Looking ahead to April 21-25, a parade of Pacific storms will maintain unsettled weather across much of the country during the next several days. One of the most consequential storms will traverse the western U.S. on April 21-22 before intensifying over the northern and central Plains. The storm system will result in similar impacts to those observed last week, including wind-driven snow across northern sections of the Rockies and Plains (mostly on April 22-23); high winds, possible blowing dust, and an elevated wildfire threat over a multi-day period across portions of the central and southern Plains and the Southwest; and a multi-day risk of severe thunderstorms, especially during the weekend from the Plains into parts of the mid-South and Midwest.
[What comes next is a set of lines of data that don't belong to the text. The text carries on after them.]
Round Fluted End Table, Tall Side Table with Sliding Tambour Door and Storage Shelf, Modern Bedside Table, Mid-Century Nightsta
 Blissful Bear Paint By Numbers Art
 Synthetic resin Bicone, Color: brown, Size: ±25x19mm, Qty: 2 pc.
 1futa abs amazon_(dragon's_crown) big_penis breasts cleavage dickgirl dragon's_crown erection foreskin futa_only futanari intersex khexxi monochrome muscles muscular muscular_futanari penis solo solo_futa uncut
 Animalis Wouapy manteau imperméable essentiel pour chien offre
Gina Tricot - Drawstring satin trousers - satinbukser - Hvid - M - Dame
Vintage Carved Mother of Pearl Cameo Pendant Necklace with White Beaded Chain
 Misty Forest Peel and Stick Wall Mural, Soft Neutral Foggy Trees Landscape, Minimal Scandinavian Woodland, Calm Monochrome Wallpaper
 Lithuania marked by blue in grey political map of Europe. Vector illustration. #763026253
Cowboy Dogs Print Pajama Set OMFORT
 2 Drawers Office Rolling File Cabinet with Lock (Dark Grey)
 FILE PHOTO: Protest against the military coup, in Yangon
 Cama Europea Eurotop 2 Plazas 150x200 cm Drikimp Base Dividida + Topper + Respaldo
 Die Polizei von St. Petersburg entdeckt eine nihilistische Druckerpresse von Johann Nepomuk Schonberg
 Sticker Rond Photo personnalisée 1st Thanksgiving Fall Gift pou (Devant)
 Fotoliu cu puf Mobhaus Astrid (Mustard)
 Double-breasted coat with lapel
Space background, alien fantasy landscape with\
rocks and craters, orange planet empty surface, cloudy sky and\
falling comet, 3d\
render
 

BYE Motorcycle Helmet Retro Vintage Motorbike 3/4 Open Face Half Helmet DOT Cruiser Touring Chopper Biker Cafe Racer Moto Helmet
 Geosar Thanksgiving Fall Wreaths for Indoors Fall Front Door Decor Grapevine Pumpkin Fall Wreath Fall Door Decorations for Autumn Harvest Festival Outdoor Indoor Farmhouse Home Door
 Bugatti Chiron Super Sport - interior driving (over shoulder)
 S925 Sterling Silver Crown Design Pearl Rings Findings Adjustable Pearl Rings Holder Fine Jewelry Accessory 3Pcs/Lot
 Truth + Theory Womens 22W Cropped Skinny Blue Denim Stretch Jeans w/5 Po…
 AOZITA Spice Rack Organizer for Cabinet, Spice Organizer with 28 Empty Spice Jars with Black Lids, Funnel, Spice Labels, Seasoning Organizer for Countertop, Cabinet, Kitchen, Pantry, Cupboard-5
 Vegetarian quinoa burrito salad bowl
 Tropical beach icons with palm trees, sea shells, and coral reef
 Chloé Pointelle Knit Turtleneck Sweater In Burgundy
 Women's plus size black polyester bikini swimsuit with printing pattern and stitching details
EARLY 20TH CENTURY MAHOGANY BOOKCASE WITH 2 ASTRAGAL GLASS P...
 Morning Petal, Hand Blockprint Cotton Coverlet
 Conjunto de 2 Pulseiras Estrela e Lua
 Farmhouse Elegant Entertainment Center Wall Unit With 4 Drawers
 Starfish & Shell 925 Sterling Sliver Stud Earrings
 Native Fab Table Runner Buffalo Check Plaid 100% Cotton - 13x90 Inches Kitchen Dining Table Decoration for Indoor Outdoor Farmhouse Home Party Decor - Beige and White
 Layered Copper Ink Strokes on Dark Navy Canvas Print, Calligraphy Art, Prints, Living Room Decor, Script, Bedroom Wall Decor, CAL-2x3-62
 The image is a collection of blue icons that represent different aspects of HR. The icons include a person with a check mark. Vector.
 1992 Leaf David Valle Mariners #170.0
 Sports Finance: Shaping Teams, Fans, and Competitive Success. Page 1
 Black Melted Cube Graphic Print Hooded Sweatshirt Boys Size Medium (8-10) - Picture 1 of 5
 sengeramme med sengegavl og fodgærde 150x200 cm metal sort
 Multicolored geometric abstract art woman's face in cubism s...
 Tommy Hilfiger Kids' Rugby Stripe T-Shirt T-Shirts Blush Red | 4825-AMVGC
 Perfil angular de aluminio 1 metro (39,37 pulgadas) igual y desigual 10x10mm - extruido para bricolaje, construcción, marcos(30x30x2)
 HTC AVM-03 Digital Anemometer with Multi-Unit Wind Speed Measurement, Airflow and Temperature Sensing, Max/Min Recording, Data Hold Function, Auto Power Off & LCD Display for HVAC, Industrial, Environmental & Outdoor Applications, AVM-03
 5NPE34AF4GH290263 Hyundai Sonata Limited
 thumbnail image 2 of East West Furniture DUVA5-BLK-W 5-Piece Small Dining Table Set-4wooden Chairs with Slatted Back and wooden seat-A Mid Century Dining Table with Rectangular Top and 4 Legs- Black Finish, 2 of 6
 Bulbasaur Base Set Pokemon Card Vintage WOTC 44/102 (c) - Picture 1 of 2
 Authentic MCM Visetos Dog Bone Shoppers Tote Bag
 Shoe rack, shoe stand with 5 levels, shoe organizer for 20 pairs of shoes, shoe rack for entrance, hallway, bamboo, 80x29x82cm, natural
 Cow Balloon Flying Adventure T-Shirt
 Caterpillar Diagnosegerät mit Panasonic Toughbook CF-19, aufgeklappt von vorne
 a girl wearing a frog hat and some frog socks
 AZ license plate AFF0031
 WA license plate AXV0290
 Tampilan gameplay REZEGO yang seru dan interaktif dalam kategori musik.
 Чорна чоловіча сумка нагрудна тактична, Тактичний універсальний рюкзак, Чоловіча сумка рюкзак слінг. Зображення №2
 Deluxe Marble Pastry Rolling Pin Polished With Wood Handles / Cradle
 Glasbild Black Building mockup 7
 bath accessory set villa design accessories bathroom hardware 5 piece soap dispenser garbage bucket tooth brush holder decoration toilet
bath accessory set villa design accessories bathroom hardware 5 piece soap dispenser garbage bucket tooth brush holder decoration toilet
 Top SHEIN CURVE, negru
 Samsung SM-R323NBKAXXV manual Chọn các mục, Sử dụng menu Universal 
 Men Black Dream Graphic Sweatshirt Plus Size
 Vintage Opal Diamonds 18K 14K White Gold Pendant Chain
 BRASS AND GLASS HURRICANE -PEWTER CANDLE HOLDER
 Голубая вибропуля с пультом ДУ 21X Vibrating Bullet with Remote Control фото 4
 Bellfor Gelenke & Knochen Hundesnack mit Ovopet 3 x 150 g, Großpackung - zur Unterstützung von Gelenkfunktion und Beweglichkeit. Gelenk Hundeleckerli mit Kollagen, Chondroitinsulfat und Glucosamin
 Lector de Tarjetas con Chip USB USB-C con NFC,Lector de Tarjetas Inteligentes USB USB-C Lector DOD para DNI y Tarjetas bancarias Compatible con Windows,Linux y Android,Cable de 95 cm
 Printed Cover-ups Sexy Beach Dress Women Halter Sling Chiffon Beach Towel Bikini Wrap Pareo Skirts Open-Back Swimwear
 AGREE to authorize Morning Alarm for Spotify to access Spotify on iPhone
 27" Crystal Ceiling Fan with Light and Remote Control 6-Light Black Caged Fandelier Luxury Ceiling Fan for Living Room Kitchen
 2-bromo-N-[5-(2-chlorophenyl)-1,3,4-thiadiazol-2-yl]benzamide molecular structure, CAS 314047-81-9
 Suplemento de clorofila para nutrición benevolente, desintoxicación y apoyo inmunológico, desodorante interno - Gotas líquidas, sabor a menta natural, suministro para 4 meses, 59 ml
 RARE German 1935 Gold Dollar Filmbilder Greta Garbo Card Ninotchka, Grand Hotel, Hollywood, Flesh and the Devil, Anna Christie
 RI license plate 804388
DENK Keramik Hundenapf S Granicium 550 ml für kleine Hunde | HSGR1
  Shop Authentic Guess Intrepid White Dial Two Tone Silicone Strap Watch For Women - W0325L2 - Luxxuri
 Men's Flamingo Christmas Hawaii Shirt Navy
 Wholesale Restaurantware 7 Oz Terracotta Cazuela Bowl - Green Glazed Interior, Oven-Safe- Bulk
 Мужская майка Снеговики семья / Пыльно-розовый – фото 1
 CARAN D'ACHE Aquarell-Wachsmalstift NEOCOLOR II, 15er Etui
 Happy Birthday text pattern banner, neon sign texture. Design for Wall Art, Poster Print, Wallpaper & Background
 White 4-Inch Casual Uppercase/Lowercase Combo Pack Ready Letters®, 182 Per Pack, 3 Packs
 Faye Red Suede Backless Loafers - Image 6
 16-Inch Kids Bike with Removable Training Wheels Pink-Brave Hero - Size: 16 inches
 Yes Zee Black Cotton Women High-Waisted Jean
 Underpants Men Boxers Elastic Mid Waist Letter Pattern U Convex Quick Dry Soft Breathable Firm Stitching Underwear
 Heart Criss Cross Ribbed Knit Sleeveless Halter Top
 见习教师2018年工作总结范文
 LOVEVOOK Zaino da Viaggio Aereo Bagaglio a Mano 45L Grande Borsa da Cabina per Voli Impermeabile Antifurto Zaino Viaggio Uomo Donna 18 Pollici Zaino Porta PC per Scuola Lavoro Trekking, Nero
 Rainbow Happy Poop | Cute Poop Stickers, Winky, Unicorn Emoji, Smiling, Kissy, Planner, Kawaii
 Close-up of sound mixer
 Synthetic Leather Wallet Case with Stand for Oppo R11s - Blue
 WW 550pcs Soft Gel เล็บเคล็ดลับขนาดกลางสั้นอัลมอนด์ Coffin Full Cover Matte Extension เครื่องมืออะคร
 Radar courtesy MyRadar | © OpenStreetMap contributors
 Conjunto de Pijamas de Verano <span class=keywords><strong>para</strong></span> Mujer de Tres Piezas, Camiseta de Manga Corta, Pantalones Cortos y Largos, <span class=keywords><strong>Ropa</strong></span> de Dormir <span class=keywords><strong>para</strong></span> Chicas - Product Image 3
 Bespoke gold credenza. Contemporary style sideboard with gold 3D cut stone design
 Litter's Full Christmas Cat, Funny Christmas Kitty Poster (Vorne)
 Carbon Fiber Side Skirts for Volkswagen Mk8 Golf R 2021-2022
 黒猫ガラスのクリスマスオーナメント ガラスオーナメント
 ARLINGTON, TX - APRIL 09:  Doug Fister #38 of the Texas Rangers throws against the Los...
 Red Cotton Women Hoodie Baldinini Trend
In contrast, negligible precipitation will fall during the next 5 days along the Gulf Coast, in the Atlantic Coast States, and across the Southwest. The NWS 6- to 10-day outlook for April 26 - 30 calls for near- or below-normal temperatures across much of the country, with the greatest likelihood of cool conditions focused on the Great Lakes States. However, warmer-than-normal weather will prevail from southern California to the central and southern Great Plains. Meanwhile, near- or below-normal precipitation should be observed nationwide, except for wetter-than-normal conditions from the northern Cascades to western North Dakota.
To view the 6 - 10 Day Precipitation Outlook, Click Here.
To view the 6 - 10 Day Temperature Outlook, Click Here.
To view the Monthly Drought Outlook map, Click Here.
In Oklahoma, 2,693,682 people are affected by drought. Exceptional drought is 9.4% with Cimarron, Texas, Beaver, Beckham, Kiowa, Greer, Harmon, Jackson, and Tillman counties in exceptional drought (last week, this number was at 8.9% and last month was 7.8%). 36% of the state is in an extreme drought this week, which is an increase from last week at 32.2%. 57.6% of the state is in severe drought (last week was 59.9%). 72.7% of the state is in moderate drought or worse, down from last week at 74.2%. Also down from last week is parts of the state that are abnormally dry or worse at 80.8% (last week was 84.6% and last month was 87.1%). We currently have 66 counties with USDA disaster designations, and this is the 56th driest year to date over the past 128 years. In western parts of the state, dry counties are still waiting on rain, with part of the Oklahoma Panhandle experiencing 200 days and counting with less than .25 inches of rainfall. Along with the drought, heavy wind and high temperatures are not helping moisture retention. There are some storm chances coming up across the northwest corner of Oklahoma along with severe wind and hail chances.